In return, Japan will receive duty-free access to 1,039 products in the Bangladeshi market.
Automobiles from Japan, home to global brands such as Toyota, Honda and Subaru, will not enjoy duty-free entry under the deal, according to the commerce secretary.
Rahman said the move is deliberate to encourage Japanese entrepreneurs to invest directly in Bangladesh’s vehicle segment.
Officials believe this could prompt “handsome” investment in local vehicle manufacturing, possibly reshaping the country’s automotive industry.
Japan is already Bangladesh’s largest export destination in Asia, with annual shipments hovering around $2 billion, mostly garments.
Imports from Japan, however, have remained relatively steady at around $1.8 billion to $2.7 billion in recent years, according to data from the Bangladesh Bank and the Export Promotion Bureau (EPB).
Officials say the EPA could help narrow this trade deficit by boosting exports while drawing Japanese capital into industrial zones across the country.
Apart from tariffs, the agreement covers trade in services, investment, customs procedures and intellectual property rights, according to the commerce ministry.
“We are expecting a major shift of Japanese investment in Bangladesh under this EPA, as Japan is looking for a favourable investment destination and is choosing Bangladesh,” Commerce Secretary Rahman said.

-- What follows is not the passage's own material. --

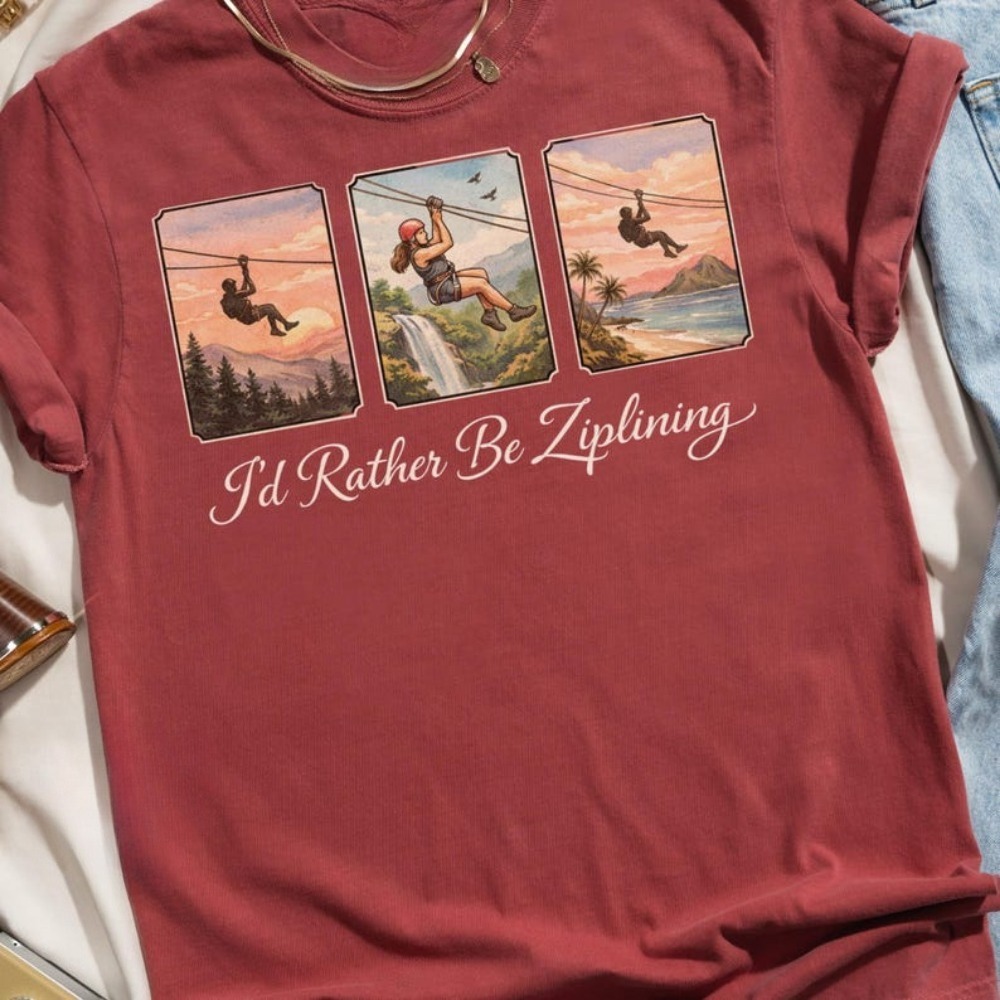 I'd Rather Be Ziplining T-Shir - Outdoor Adventure Zipline บทวิจารณ์และราคา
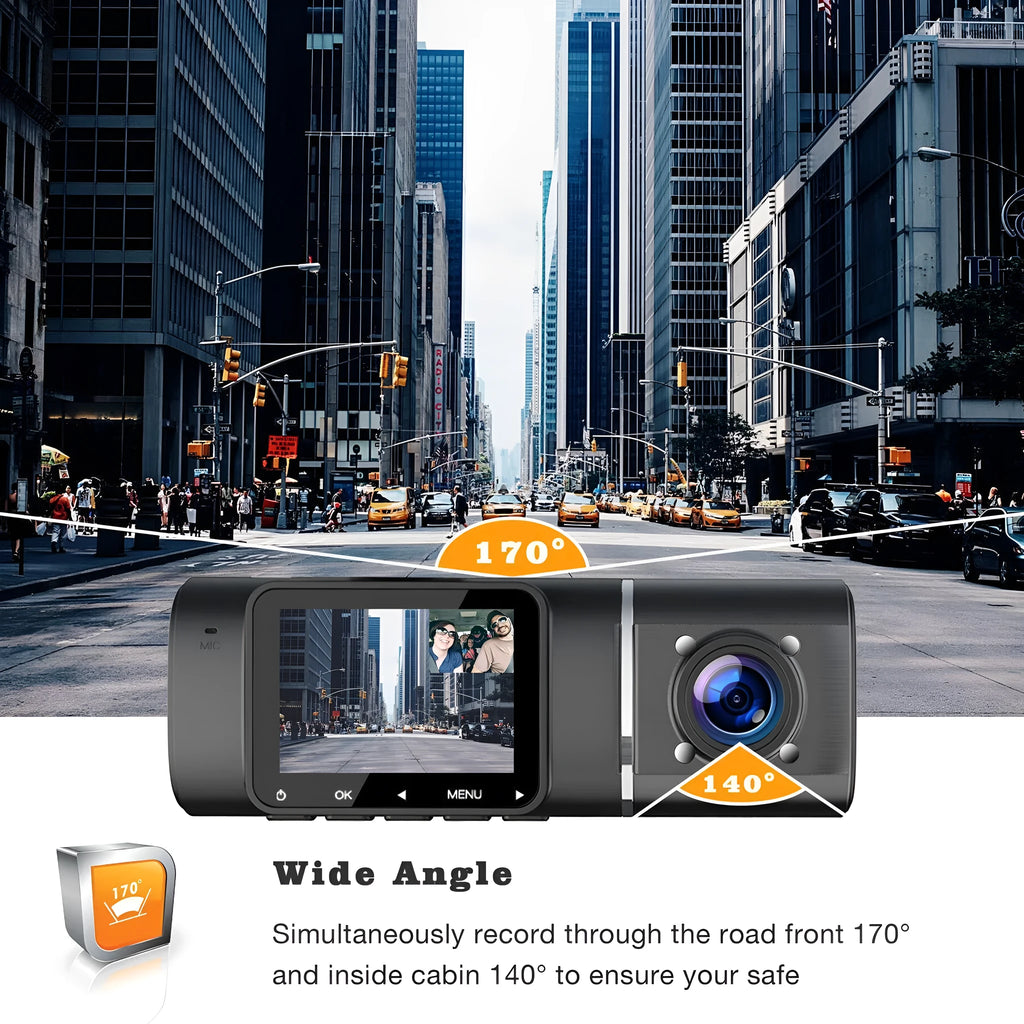 Black dash cam with 1.5-inch screen for car front and rear recording with parking surveillance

At present, Japanese investment in Bangladesh stands at about $500 million, a small slice of Japan’s global investment. Still, several Japanese firms have already set up operations at the dedicated Japanese economic zone at Araihazar in Narayanganj district.
Under the deal, Bangladesh will open 97 service sub-sectors to Japan, while Japan will open 120 to Bangladesh. Officials expect this to speed up technology transfer and encourage long-term investment.
According to commerce ministry documents, garments will receive immediate duty-free access under Single Stage Transformation rules, a major win for the local RMG sector as the country prepares for the post-LDC competition.
For years, Bangladesh has been looking for trade agreements with major partners and blocs, including India, Turkey, Malaysia, China, the UAE, Indonesia, Nepal, Asean and the Regional Comprehensive Economic Partnership (RCEP), to widen its footprint in Asian, African and Latin American markets.
Until now, the country has only signed a Preferential Trade Agreement (PTA) with Bhutan in 2020. This EPA with Japan marks its first full-fledged trade deal.
Dhaka and Tokyo had been progressing towards this deal since 2022, when then prime minister Sheikh Hasina said Bangladesh was open to negotiating free trade agreements, including with Japan.
Subsequently, a joint study group was formed. Talks gathered pace in July 2023, with both sides signalling their intention to sign the EPA by late 2025 or early 2026, ahead of Bangladesh’s LDC graduation.
Momentum picked up after the Advisory Council gave its nod on January 22 this year, following Japan’s approval of the draft in December.
Last month, Japan also reaffirmed at the World Trade Organisation (WTO) that it would continue duty-free market access for Bangladesh for three more years, up to 2029.
Regarding the EPA with Japan, analysts say this sends a message about the country’s readiness to engage with major economies and trading blocs.
Abdur Razzaque, chairman of local think tank Research and Policy Integration for Development (RAPID), called the deal a positive signal but stressed that its success would depend on execution.
“It is a positive signal for Bangladesh to the foreign investors as it is a testimony that Bangladesh is capable of signing the deal even with Japan,” he said, adding that the country should actively attract Japanese investment, especially in export-oriented sectors such as man-made fibre industries.
Similarly, M Masrur Reaz, chairman of Policy Exchange Bangladesh, called the agreement an excellent development.
“This EPA will enable Bangladesh to be a partner of a country which is a member of the G-7. It will brighten our image,” he said.
If used well, the deal could also open new doors for foreign direct investment, Reaz added.